◆ PROBLEM DETAILS
Only one span of the listing below is wanted: the lines from the one with "Man walking on sand dune against clear sky" through the one with "Aerial view; drone", reproduced exactly, both ends kept.

══ DATASET ENTRIES ══

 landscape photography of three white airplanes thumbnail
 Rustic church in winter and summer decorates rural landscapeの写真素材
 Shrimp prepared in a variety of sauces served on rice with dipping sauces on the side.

═══
══ DATASET ENTRIES ══

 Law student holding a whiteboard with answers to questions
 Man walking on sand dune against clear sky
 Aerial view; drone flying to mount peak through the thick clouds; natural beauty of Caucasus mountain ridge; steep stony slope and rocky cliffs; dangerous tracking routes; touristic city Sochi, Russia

═══
══ DATASET ENTRIES ══

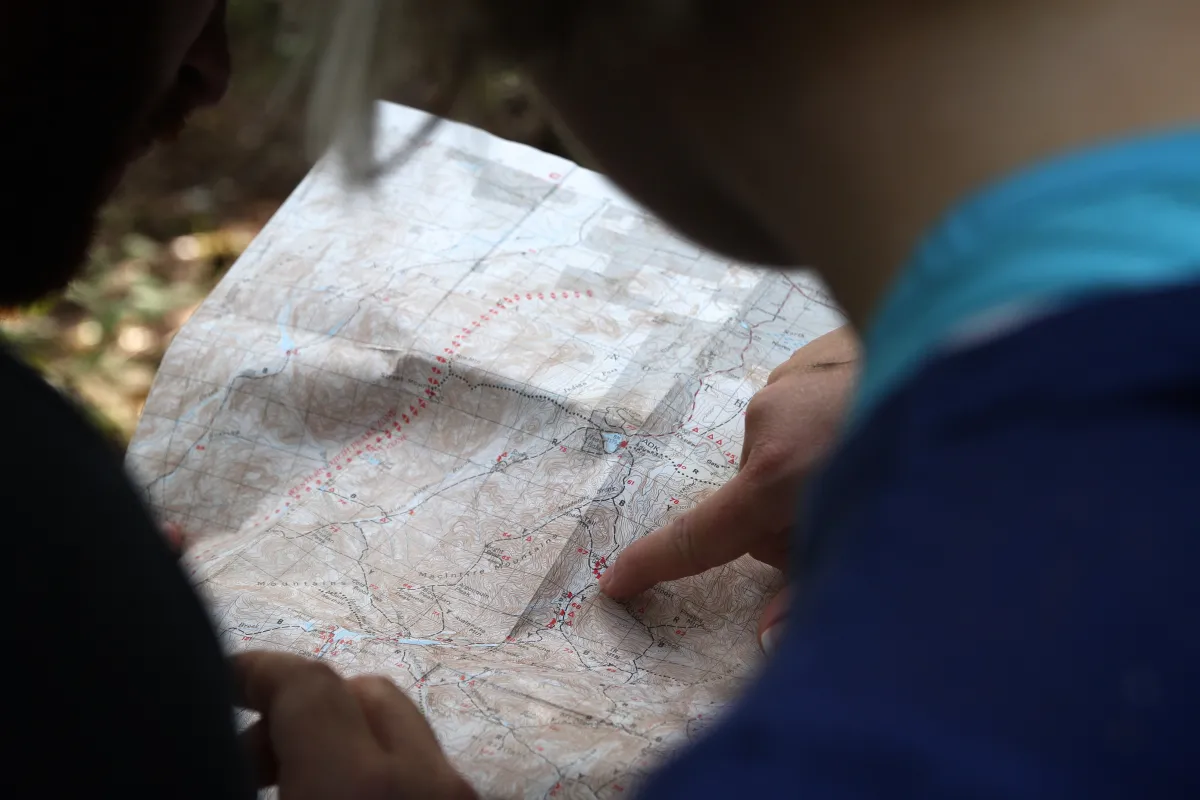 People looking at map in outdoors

═══

◆ EXERCISE SOLUTION
 Man walking on sand dune against clear sky
 Aerial view; drone flying to mount peak through the thick clouds; natural beauty of Caucasus mountain ridge; steep stony slope and rocky cliffs; dangerous tracking routes; touristic city Sochi, Russia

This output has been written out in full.